I can Port from Python -> Common Lisp at a rate of ~100 LoC per hour, and that's a pretty friendly port (the yield expression is the only thing that can't be just done line-by-line; truthyness is the only real "gotcha" as there are a lot of "false" values in Python, but only 1.5 in Lisp[1]).
1: I say 1.5 because there is only one false value, but it has 2 idiomatic meanings: nil (equivalent to python's None) and the empty list.
PyPy is faster than Python, yes. But Go, C and many other (compiled) languages are way faster than PyPy. Plus, if you use a language like Go or Rust then you avoid Python's GIL and you'll have much more reasonable memory usage. Best of all, deploying is a matter of copying a binary, rather than having to deal with the absolute disaster that is Python packaging.
> Plus, if you use a language like Go or Rust then you avoid Python's GIL
No, but then you run into Go's GC and green threads. File systems fit squarely in the realms of "systems programming" (old definition [1], not new). Languages like Ada, Pascal, C/C++, Rust and D (without GC).
I wouldn't consider the workstations sold by Xerox, TI, Connecting Machines, the OS research department at ETHZ or the Microsoft’s natural language search service for the West Coast and Asia, just experiments.
Maybe plenty fast for most applications but a filesystem is not one of these IMHO, especially for something as naturally resource hungry as ZFS.
A good filesystem implementation requires tight memory management and good control of what happens at the OS level.
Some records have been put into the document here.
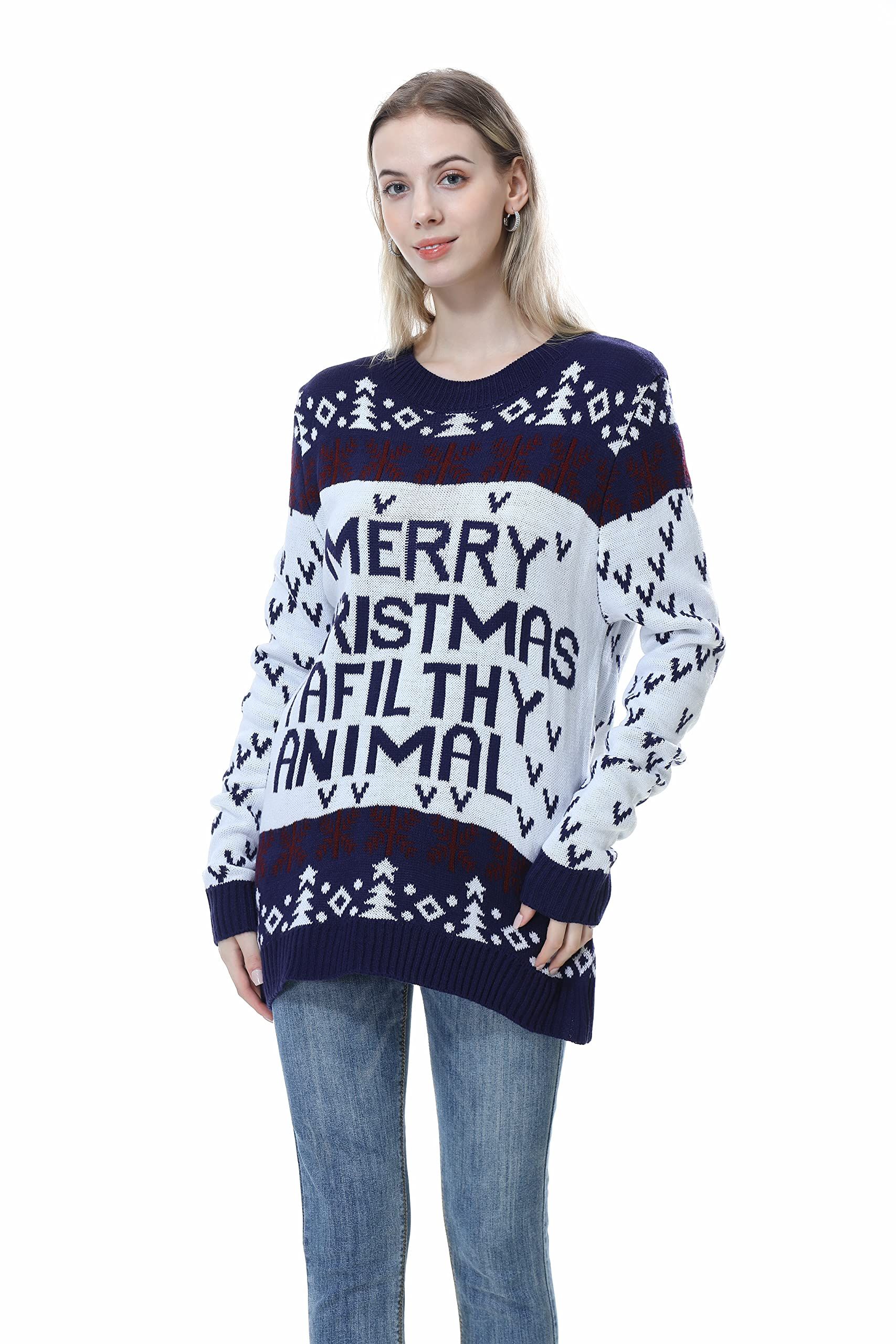 Stylish ugly hot sale christmas sweater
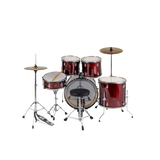 Batería Acústica Aureal Galax Rojo Vino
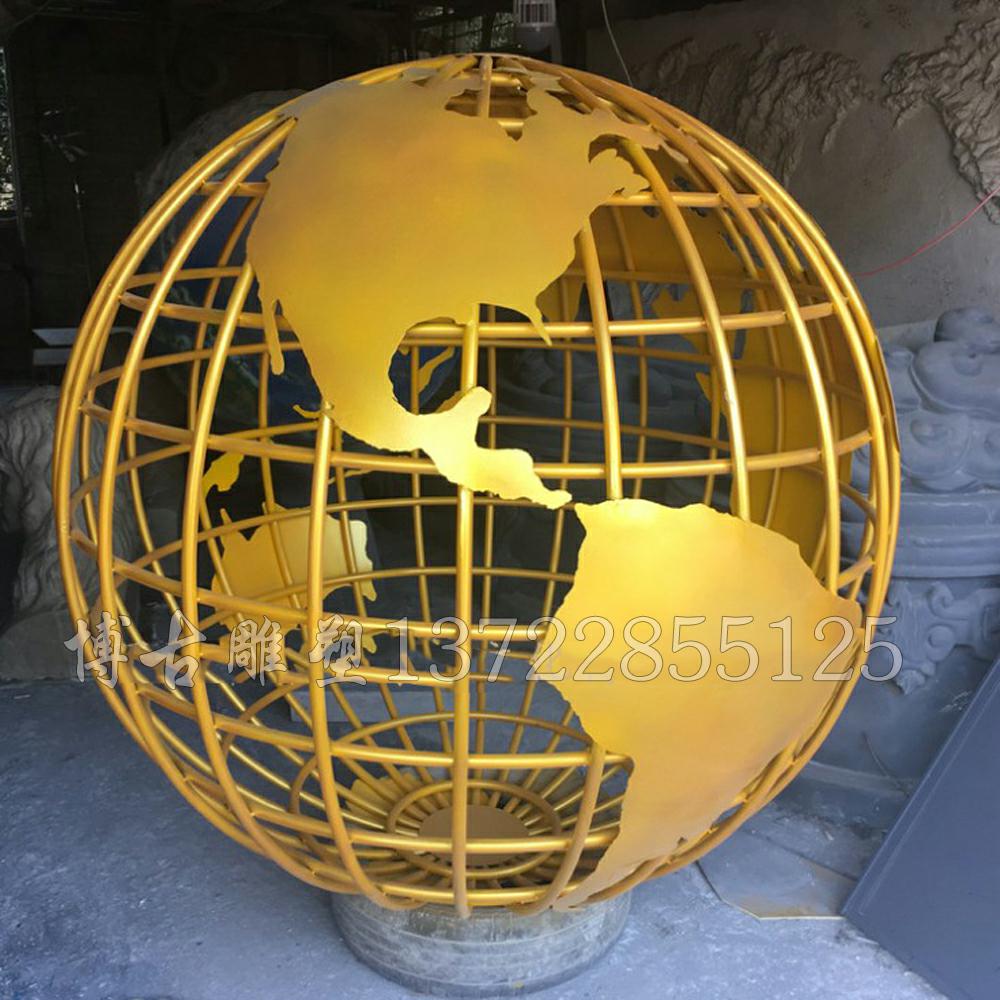 不锈钢地球仪雕塑镂空地球仪雕塑河北博古地球仪雕塑公司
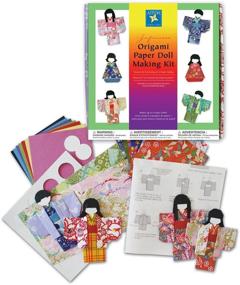 img 1 attached to 🎎 Откройте для себя искусство набора бумажных кукол кимоно Aitoh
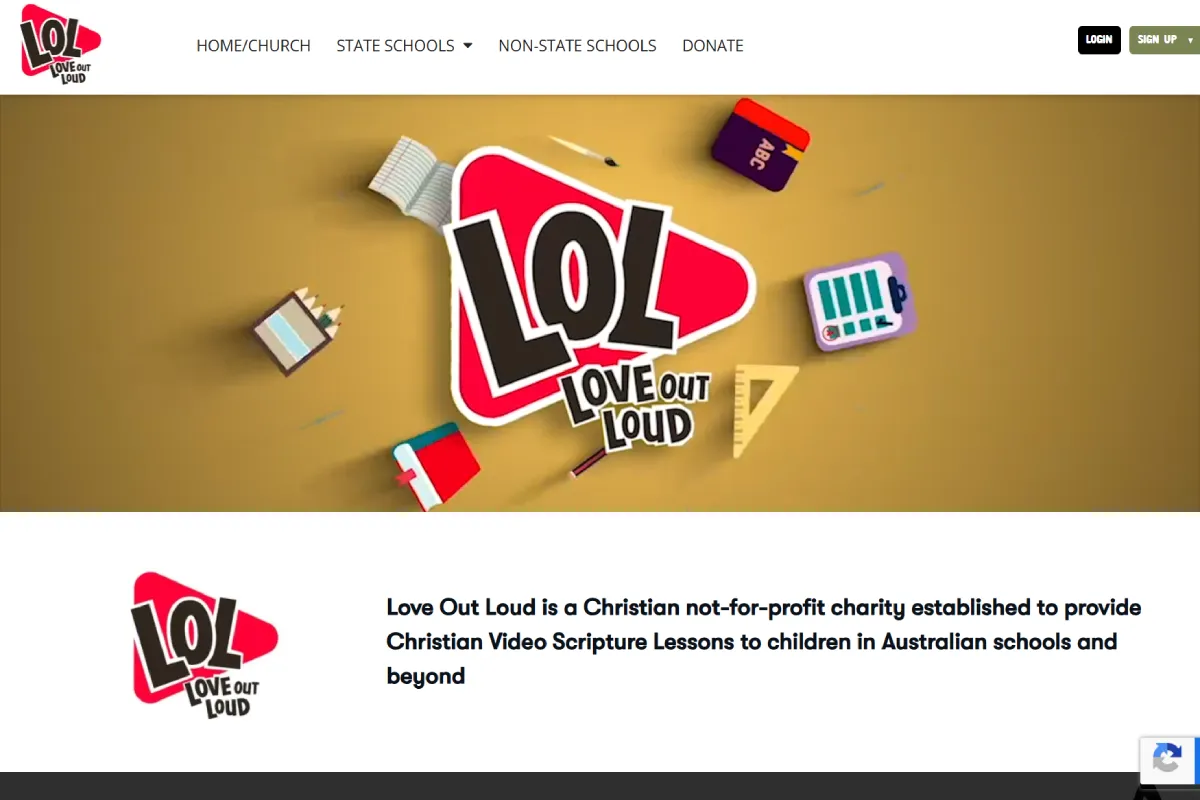 Love Out Loud - Not for Profit Organisation Website Design Sydney
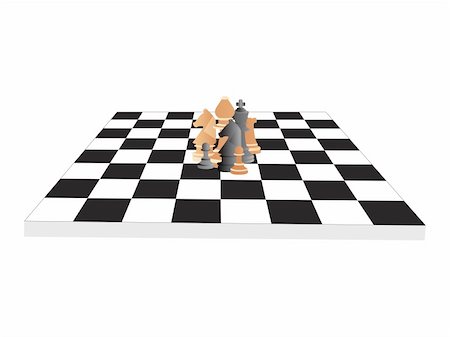 simsearch:400-05070051,k - vector chess board and figures, set39 Stock Photo - Budget Royalty-Free & Subscription, Code: 400-05130331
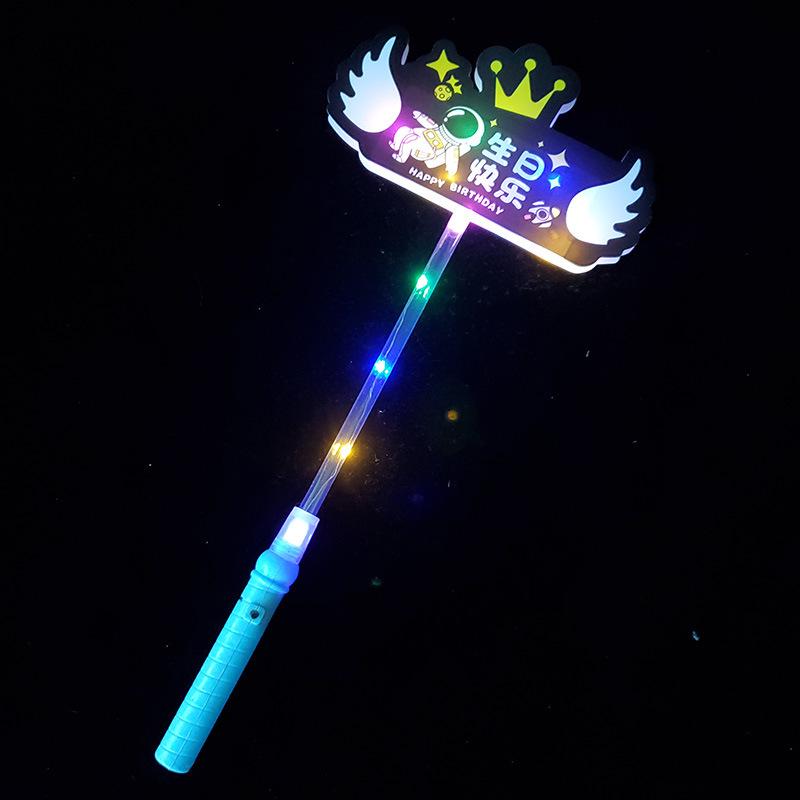 Glow Stick Photo Props for Kids' Birthday Party Decorations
I am not saying it can't be be done in python, but it clearly isn't the right tool for the job.
I meant that for a production implementation. Python is perfectly fine for a proof of concept, in fact, it may be better than jumping straight down to C. But keeping it for production is foolish IMHO.
I was trying to speed up a log processing service running on PyPy by rewriting it in Java. I was surprised that the result was about twice slower (I know Java quite well and I didn't see obvious optimizations; most of the time was spent in GC). So it can be quite fast even in more absolute terms (VM languages), at least for some types of code.
I had a binary parser written in Python that took around 30 seconds on typical input on CPython. PyPy took that down to about 10 seconds. Rewriting it in C# took it down to 200 ms.
I routinely fail to get speedup on PyPy. In fact I frequently get slowdowns. I imagine it's only fast if your code is slower than it needs to be to begin with.
It works well for tight loops processing much data, or heavy object-orientation (multiple levels of class hierarchies). It probably won't work well for regular Django webapps or scripts. Also, real-world Python numerical/AI code uses numpy/ML libs so there's not much to optimize in Python...
If you're going to run the file system in user space, there's no reason not to just use normal ZFS. The problem with ZFS licensing is only in combining CDDL+GPL in one unit. If you're working across the kernel/userspace boundary, there's already no problem. ZoL even already ships a fuse version that works fine.
You'd want a reverse-engineering lawyer, so be certain. But my (IANAL) guess is: If this is a proper reverse-engineered implementation, you could then convert _this_ implementation to C, and contribute _that_ into the kernel.
Except, it seems this is BSD-licensed, so I'm not sure how that would work in the kernel (which is GPLv2).
I assume you mean this as a joke, but I would point out that at least one of the BSD family has gone and baked lua into their kernel. Granted, lua is rather meant for that kind of thing and python isn't, but it is entertaining to point out an interpreted language that has been stuck into a unix kernel:)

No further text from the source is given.